✏️Prompts

Inventory Turnover and GMROI Dashboard Prompt

Prompt

You are a retail finance manager preparing the inventory productivity dashboard.

Inventory data:
[PASTE: Category | Beginning inventory at cost | Ending inventory at cost | Net sales | COGS | Gross margin $ | Gross margin %]

Calculate:
1) Average inventory at cost = (Beginning + Ending) ÷ 2
2) Inventory turns = COGS ÷ Average inventory at cost (annualize if period is less than full year)
3) Days inventory outstanding (DIO) = 365 ÷ Turns
4) GMROI = Gross margin $ ÷ Average inventory at cost
5) Benchmark comparison — general retail: target GMROI 2.0–3.0 / apparel: 1.5–2.5 / grocery: 3.0+

Output: Inventory productivity dashboard.
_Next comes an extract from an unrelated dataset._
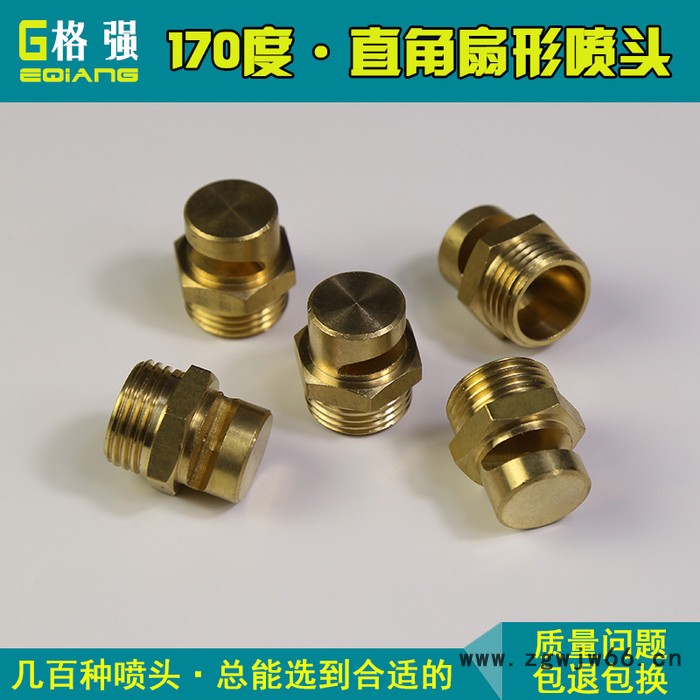 格强6801铜170度广角扇形喷头 直角扇形喷头 4分直角喷头 广角喷嘴喷头图2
Turns and GMROI by category vs. benchmark. Capital tied up in underperforming categories. Categories where inventory investment should increase or decrease.

Why it works

GMROI (gross margin return on inventory investment) is the single metric that combines margin performance and inventory productivity — a category with high turns but poor margin produces less GMROI than a category with moderate turns and good margin. Calculating both turns and GMROI by category exposes the categories that are consuming cash without generating sufficient return. Annualising the metrics makes them comparable across periods of different lengths.

Watch out for

GMROI comparisons between departments or stores are only meaningful if gross margin is calculated consistently — ensure markdowns, shrinkage, and freight are treated the same way across all categories. Also note that GMROI benchmarks vary significantly by retail category: a grocery department GMROI of 3.0 is excellent, while a jewellery department GMROI of 3.0 is poor. Use category-specific benchmarks rather than a single company-wide target.